*Work request*: Give back every line of the data, transcribed exactly.

*Data for this task*:
-=-=-=-=-
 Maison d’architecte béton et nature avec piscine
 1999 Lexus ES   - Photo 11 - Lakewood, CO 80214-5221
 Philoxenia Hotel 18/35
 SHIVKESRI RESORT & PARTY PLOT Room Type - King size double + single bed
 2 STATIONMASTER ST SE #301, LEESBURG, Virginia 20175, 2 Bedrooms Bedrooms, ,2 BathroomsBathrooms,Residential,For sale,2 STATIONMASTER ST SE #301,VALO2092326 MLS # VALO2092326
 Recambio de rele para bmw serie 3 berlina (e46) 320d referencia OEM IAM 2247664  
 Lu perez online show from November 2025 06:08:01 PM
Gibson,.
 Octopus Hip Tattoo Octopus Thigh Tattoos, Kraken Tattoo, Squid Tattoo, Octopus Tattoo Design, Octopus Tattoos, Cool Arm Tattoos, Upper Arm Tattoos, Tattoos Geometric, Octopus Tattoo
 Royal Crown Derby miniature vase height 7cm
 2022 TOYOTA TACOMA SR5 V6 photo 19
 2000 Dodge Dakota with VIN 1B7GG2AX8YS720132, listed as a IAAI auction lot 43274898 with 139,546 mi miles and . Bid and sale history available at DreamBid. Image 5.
-=-=-=-=-
*Problem solution*:
 Maison d’architecte béton et nature avec piscine
 1999 Lexus ES   - Photo 11 - Lakewood, CO 80214-5221
 Philoxenia Hotel 18/35
 SHIVKESRI RESORT & PARTY PLOT Room Type - King size double + single bed
 2 STATIONMASTER ST SE #301, LEESBURG, Virginia 20175, 2 Bedrooms Bedrooms, ,2 BathroomsBathrooms,Residential,For sale,2 STATIONMASTER ST SE #301,VALO2092326 MLS # VALO2092326
 Recambio de rele para bmw serie 3 berlina (e46) 320d referencia OEM IAM 2247664  
 Lu perez online show from November 2025 06:08:01 PM
Gibson,.
 Octopus Hip Tattoo Octopus Thigh Tattoos, Kraken Tattoo, Squid Tattoo, Octopus Tattoo Design, Octopus Tattoos, Cool Arm Tattoos, Upper Arm Tattoos, Tattoos Geometric, Octopus Tattoo
 Royal Crown Derby miniature vase height 7cm
 2022 TOYOTA TACOMA SR5 V6 photo 19
 2000 Dodge Dakota with VIN 1B7GG2AX8YS720132, listed as a IAAI auction lot 43274898 with 139,546 mi miles and . Bid and sale history available at DreamBid. Image 5.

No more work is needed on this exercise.